Eyes and Ears, Hands and Feet
Reformed Free Publishing Association
What’s the first thing that comes to mind when you think about the communion of the saints? Often we think about things that other people have done for us. Sometimes you will hear a person say when they are sick or going through some trial that they have really experienced the communion of the saints through the care of other believers. And this is a good thing.
But when we think about the communion of the saints, we ought not think first of all about what others have done for us. We ought to think about how we are called to serve others.
This is the perspective of our Reformed confessions. When the Heidelberg Catechism describes what it means to confess “the communion of saints,” it says, “that every one must know it to be his duty, readily and cheerfully to employ his gifts, for the advantage and salvation of other members.” Article 28 of the Belgic Confession speaks similarly: “…and as mutual members of the same body, serving to the edification of the brethren, according to the talents God has given them.”

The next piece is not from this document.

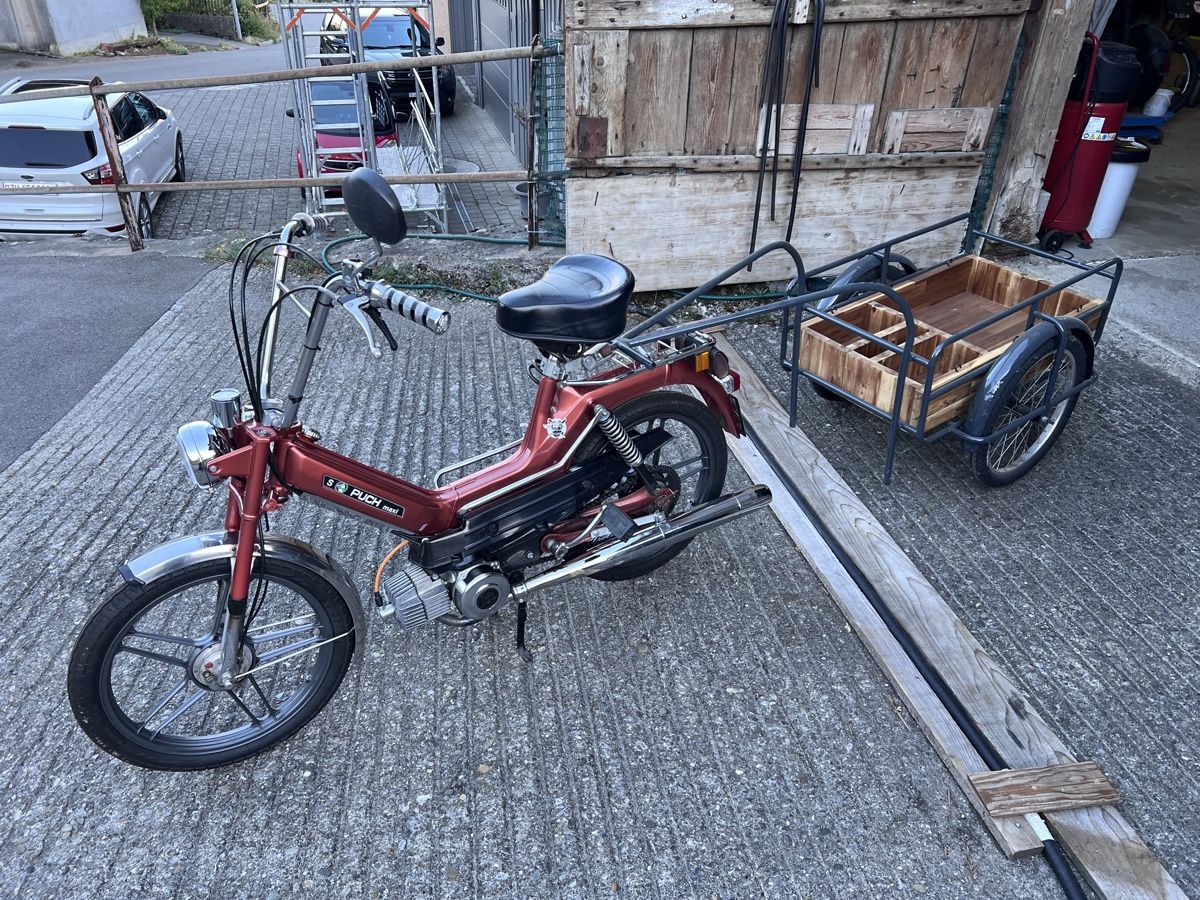 Puch Mofas: Puch Maxi S mit Anhänger – Gebraucht aus Neftenbach von Mig1989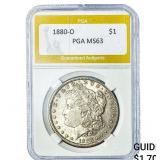 1880-O Morgan Silver Dollar PGA MS63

As children of God, we are united both to Christ and to the other members of his church. But our communion with each other does not mean that we are all identical. In our unity there is much diversity. There are differences between male and female, old and young, rich and poor, large and small, black and white. And there are also different God-given gifts and abilities, different stations and callings in the church.
One of the places where this truth is most clearly taught is in 1 Cor. 12. The inspired apostle compares the church to the human body. We have one body, but there are many different parts that make up this body: the eye, the ear, the hand, the foot, and so on. Each one of these different parts is necessary to make up a complete body.
The same thing is true of the church. The church is one body united to her Head, Jesus Christ, but the church is made up of many different members with different gifts and different places in the church. God’s choosing of us in election is also his choice of the exact place where you and I fit in the body. Some are eyes, and some are ears. Some are hands, and some are feet.
This reality implies a calling to use our gifts for others. But too often there is a wrong view of life in the church among the communion of the saints.
There can be a wrong attitude among those who may feel like they are not as gifted as others. The danger is that they become jealous of others who are more gifted, or who have different gifts that they think are better. They must also be warned against despairing and saying, “I don’t have any gifts. I can’t contribute anything, so why even bother. I’m going to withdraw and not even try to contribute to the church.”
There can also be a wrong attitude among those who may be more gifted than others. They must be warned against looking down on others who seem to be less gifted and who they think are not necessary or important. They must also be warned against pride and thinking that they are so important and indispensable that the church depends on them.
There is a danger for us all. Whatever gifts we have, whether great or small, we need to be warned against the pride of thinking that we don’t need the church. Maybe we think that we aren’t getting anything out of the church, so we are inactive and contribute at a minimum. Maybe we are so focused on ourselves, selfishly thinking about what other people do for me and what they do to make me feel loved.
Positively, we have the calling to use our gifts for others.
This means, first, that I must know what gifts I have. Each one of us has different gifts in different measures. We must discover what those gifts are. And we are also called to be content with the gifts and calling God has given to us. Don’t expect to have the same gifts as someone else, and don’t be jealous of their gifts. God makes us different, and those differences are good. This is proper self-esteem: God has chosen me and my place in the church, and I am necessary for that place.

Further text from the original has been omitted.